Raw data |
####

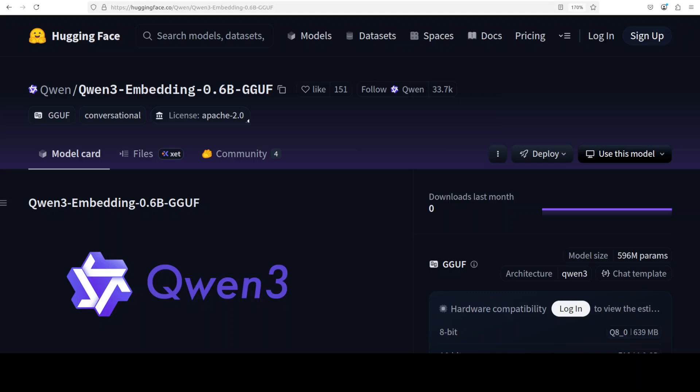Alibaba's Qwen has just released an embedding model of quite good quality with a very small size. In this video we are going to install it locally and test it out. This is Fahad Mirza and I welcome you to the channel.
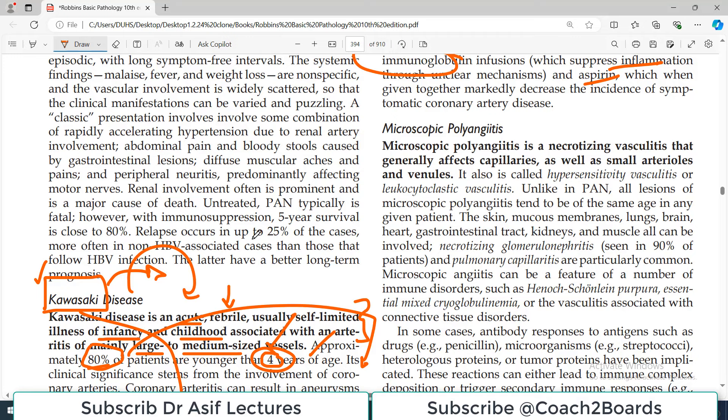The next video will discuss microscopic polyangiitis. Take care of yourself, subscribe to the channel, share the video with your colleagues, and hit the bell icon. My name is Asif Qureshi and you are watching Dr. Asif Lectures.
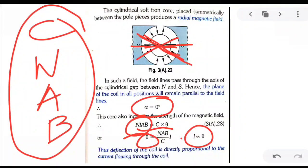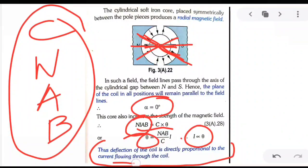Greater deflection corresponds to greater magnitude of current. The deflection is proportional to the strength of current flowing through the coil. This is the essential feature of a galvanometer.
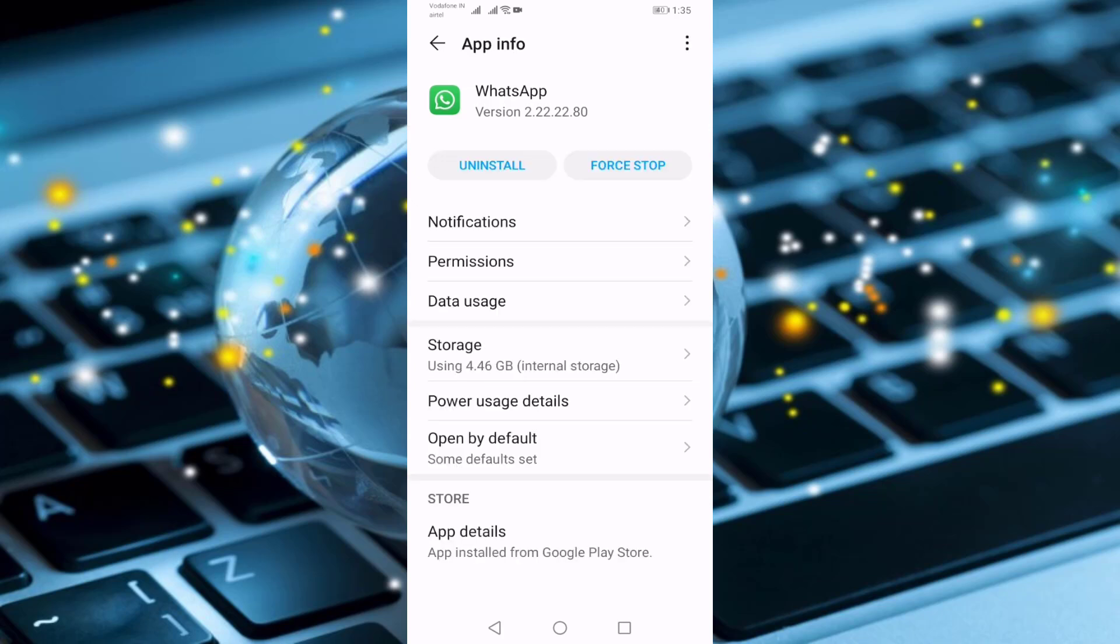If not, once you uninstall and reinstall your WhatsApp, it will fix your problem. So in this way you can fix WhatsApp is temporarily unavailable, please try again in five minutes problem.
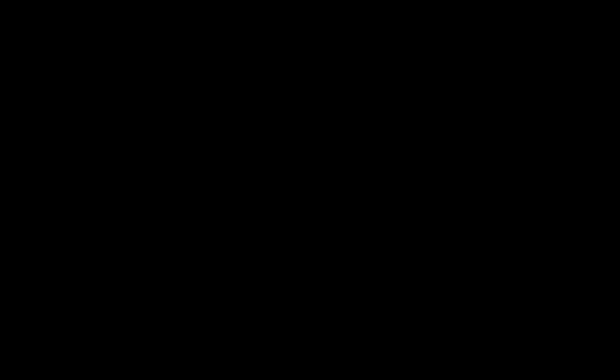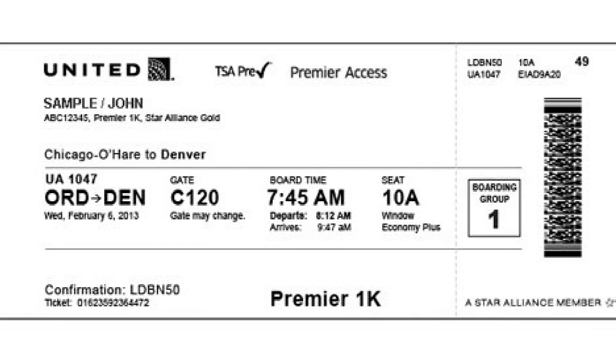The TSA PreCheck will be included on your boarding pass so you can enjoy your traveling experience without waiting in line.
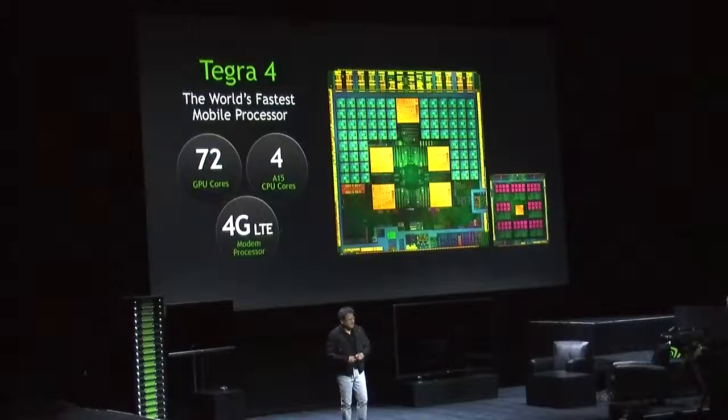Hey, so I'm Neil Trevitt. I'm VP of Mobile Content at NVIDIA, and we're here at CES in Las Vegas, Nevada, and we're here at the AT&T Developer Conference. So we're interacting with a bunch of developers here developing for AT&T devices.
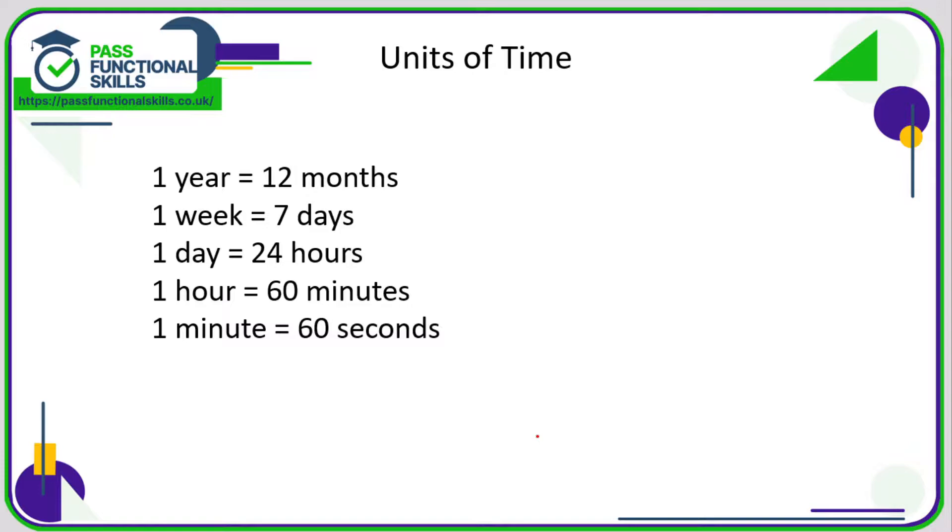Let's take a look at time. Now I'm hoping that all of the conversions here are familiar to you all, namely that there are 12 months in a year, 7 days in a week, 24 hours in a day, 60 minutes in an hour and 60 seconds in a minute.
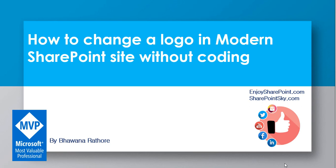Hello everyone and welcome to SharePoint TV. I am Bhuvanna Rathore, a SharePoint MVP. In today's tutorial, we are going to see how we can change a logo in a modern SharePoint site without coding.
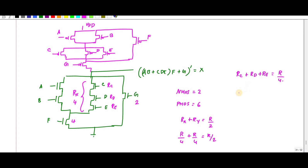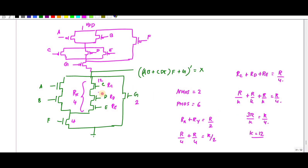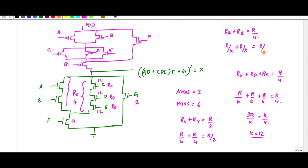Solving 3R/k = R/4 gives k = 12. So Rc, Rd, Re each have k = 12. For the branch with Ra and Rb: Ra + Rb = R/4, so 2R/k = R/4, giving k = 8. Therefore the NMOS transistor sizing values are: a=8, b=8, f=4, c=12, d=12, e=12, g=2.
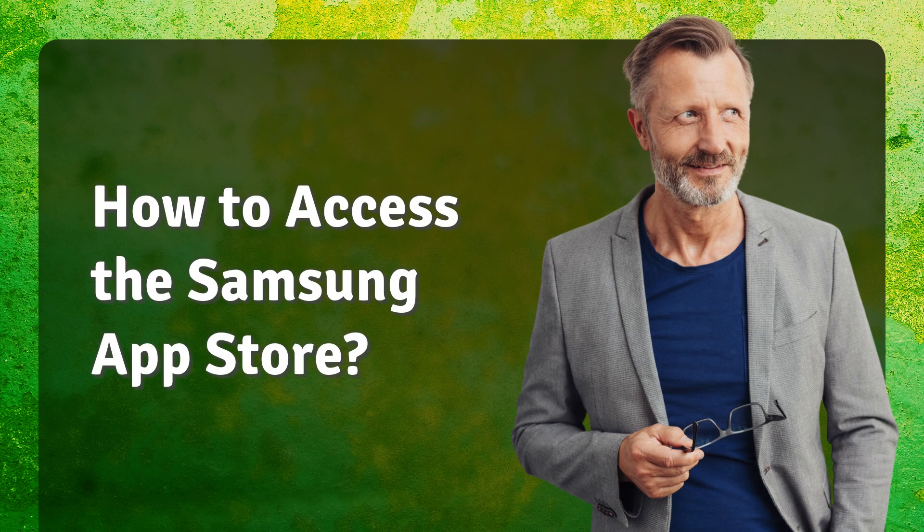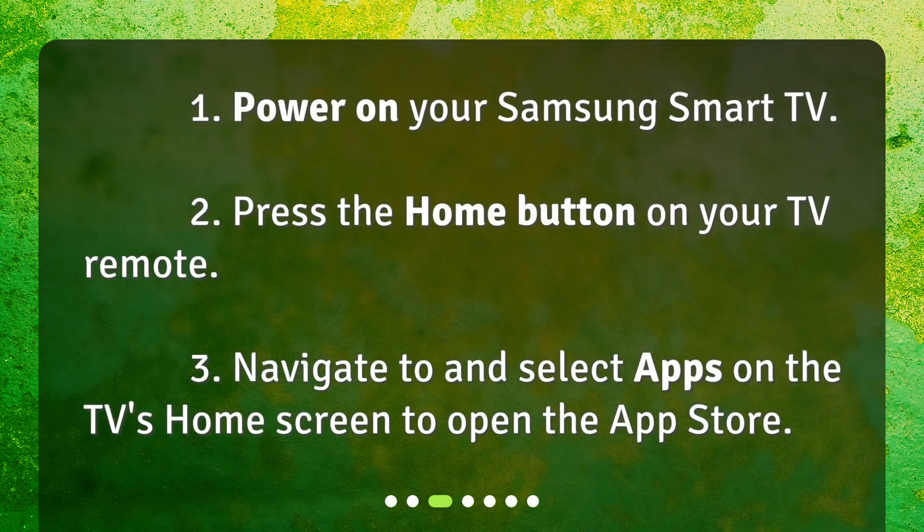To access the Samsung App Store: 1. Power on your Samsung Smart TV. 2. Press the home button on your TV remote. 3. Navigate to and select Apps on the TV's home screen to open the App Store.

####

Problem requirements | Output every record exactly, minus the pictures.

Finished exercise |
Alibaba's Qwen has just released an embedding model of quite good quality with a very small size. In this video we are going to install it locally and test it out. This is Fahad Mirza and I welcome you to the channel.
The next video will discuss microscopic polyangiitis. Take care of yourself, subscribe to the channel, share the video with your colleagues, and hit the bell icon. My name is Asif Qureshi and you are watching Dr. Asif Lectures.
Greater deflection corresponds to greater magnitude of current. The deflection is proportional to the strength of current flowing through the coil. This is the essential feature of a galvanometer.
If not, once you uninstall and reinstall your WhatsApp, it will fix your problem. So in this way you can fix WhatsApp is temporarily unavailable, please try again in five minutes problem.
The TSA PreCheck will be included on your boarding pass so you can enjoy your traveling experience without waiting in line.
Hey, so I'm Neil Trevitt. I'm VP of Mobile Content at NVIDIA, and we're here at CES in Las Vegas, Nevada, and we're here at the AT&T Developer Conference. So we're interacting with a bunch of developers here developing for AT&T devices.
Let's take a look at time. Now I'm hoping that all of the conversions here are familiar to you all, namely that there are 12 months in a year, 7 days in a week, 24 hours in a day, 60 minutes in an hour and 60 seconds in a minute.
Hello everyone and welcome to SharePoint TV. I am Bhuvanna Rathore, a SharePoint MVP. In today's tutorial, we are going to see how we can change a logo in a modern SharePoint site without coding.
Solving 3R/k = R/4 gives k = 12. So Rc, Rd, Re each have k = 12. For the branch with Ra and Rb: Ra + Rb = R/4, so 2R/k = R/4, giving k = 8. Therefore the NMOS transistor sizing values are: a=8, b=8, f=4, c=12, d=12, e=12, g=2.
To access the Samsung App Store: 1. Power on your Samsung Smart TV. 2. Press the home button on your TV remote. 3. Navigate to and select Apps on the TV's home screen to open the App Store.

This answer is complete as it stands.